Action item:
Every word of the listing must be returned. Retype it exactly.

Material provided:
---*---

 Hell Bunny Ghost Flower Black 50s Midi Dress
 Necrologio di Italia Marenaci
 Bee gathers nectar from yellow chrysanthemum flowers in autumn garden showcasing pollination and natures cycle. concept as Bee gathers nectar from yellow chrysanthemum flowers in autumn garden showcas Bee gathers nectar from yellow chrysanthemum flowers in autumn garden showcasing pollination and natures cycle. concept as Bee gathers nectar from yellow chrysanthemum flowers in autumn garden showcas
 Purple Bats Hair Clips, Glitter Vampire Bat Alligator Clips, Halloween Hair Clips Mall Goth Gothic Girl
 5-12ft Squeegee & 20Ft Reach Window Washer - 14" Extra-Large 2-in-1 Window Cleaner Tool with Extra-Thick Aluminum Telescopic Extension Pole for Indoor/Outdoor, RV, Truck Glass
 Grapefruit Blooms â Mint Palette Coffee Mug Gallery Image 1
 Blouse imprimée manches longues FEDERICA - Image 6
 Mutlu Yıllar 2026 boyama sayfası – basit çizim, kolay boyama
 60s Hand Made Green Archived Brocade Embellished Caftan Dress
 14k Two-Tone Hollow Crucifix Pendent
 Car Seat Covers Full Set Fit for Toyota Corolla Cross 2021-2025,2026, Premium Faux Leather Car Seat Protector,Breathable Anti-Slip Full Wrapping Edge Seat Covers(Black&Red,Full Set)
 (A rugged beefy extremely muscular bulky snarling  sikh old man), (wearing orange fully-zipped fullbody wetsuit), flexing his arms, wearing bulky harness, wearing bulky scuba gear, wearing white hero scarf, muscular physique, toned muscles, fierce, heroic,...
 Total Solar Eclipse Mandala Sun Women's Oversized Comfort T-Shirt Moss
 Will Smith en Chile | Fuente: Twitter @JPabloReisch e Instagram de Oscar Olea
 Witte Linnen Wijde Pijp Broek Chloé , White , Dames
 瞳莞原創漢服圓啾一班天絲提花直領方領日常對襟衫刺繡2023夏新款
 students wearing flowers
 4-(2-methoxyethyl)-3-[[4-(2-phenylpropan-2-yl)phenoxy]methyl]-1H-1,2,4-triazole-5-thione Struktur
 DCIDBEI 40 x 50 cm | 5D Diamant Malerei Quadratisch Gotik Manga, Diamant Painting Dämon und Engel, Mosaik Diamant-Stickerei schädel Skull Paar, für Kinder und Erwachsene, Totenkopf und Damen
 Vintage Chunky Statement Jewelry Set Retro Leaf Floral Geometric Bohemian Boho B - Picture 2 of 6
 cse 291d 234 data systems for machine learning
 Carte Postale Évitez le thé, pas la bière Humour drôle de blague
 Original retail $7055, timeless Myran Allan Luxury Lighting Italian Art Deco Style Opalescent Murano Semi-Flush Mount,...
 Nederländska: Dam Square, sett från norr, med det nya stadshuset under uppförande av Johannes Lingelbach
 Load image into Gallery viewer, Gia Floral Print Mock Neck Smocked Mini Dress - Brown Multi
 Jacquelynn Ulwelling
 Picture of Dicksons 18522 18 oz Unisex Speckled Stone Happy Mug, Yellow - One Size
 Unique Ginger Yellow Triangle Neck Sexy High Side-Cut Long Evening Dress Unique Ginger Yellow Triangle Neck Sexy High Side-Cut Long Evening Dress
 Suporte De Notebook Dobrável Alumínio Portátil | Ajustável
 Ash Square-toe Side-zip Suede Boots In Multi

---*---

Solved problem:
 Hell Bunny Ghost Flower Black 50s Midi Dress
 Necrologio di Italia Marenaci
 Bee gathers nectar from yellow chrysanthemum flowers in autumn garden showcasing pollination and natures cycle. concept as Bee gathers nectar from yellow chrysanthemum flowers in autumn garden showcas Bee gathers nectar from yellow chrysanthemum flowers in autumn garden showcasing pollination and natures cycle. concept as Bee gathers nectar from yellow chrysanthemum flowers in autumn garden showcas
 Purple Bats Hair Clips, Glitter Vampire Bat Alligator Clips, Halloween Hair Clips Mall Goth Gothic Girl
 5-12ft Squeegee & 20Ft Reach Window Washer - 14" Extra-Large 2-in-1 Window Cleaner Tool with Extra-Thick Aluminum Telescopic Extension Pole for Indoor/Outdoor, RV, Truck Glass
 Grapefruit Blooms â Mint Palette Coffee Mug Gallery Image 1
 Blouse imprimée manches longues FEDERICA - Image 6
 Mutlu Yıllar 2026 boyama sayfası – basit çizim, kolay boyama
 60s Hand Made Green Archived Brocade Embellished Caftan Dress
 14k Two-Tone Hollow Crucifix Pendent
 Car Seat Covers Full Set Fit for Toyota Corolla Cross 2021-2025,2026, Premium Faux Leather Car Seat Protector,Breathable Anti-Slip Full Wrapping Edge Seat Covers(Black&Red,Full Set)
 (A rugged beefy extremely muscular bulky snarling  sikh old man), (wearing orange fully-zipped fullbody wetsuit), flexing his arms, wearing bulky harness, wearing bulky scuba gear, wearing white hero scarf, muscular physique, toned muscles, fierce, heroic,...
 Total Solar Eclipse Mandala Sun Women's Oversized Comfort T-Shirt Moss
 Will Smith en Chile | Fuente: Twitter @JPabloReisch e Instagram de Oscar Olea
 Witte Linnen Wijde Pijp Broek Chloé , White , Dames
 瞳莞原創漢服圓啾一班天絲提花直領方領日常對襟衫刺繡2023夏新款
 students wearing flowers
 4-(2-methoxyethyl)-3-[[4-(2-phenylpropan-2-yl)phenoxy]methyl]-1H-1,2,4-triazole-5-thione Struktur
 DCIDBEI 40 x 50 cm | 5D Diamant Malerei Quadratisch Gotik Manga, Diamant Painting Dämon und Engel, Mosaik Diamant-Stickerei schädel Skull Paar, für Kinder und Erwachsene, Totenkopf und Damen
 Vintage Chunky Statement Jewelry Set Retro Leaf Floral Geometric Bohemian Boho B - Picture 2 of 6
 cse 291d 234 data systems for machine learning
 Carte Postale Évitez le thé, pas la bière Humour drôle de blague
 Original retail $7055, timeless Myran Allan Luxury Lighting Italian Art Deco Style Opalescent Murano Semi-Flush Mount,...
 Nederländska: Dam Square, sett från norr, med det nya stadshuset under uppförande av Johannes Lingelbach
 Load image into Gallery viewer, Gia Floral Print Mock Neck Smocked Mini Dress - Brown Multi
 Jacquelynn Ulwelling
 Picture of Dicksons 18522 18 oz Unisex Speckled Stone Happy Mug, Yellow - One Size
 Unique Ginger Yellow Triangle Neck Sexy High Side-Cut Long Evening Dress Unique Ginger Yellow Triangle Neck Sexy High Side-Cut Long Evening Dress
 Suporte De Notebook Dobrável Alumínio Portátil | Ajustável
 Ash Square-toe Side-zip Suede Boots In Multi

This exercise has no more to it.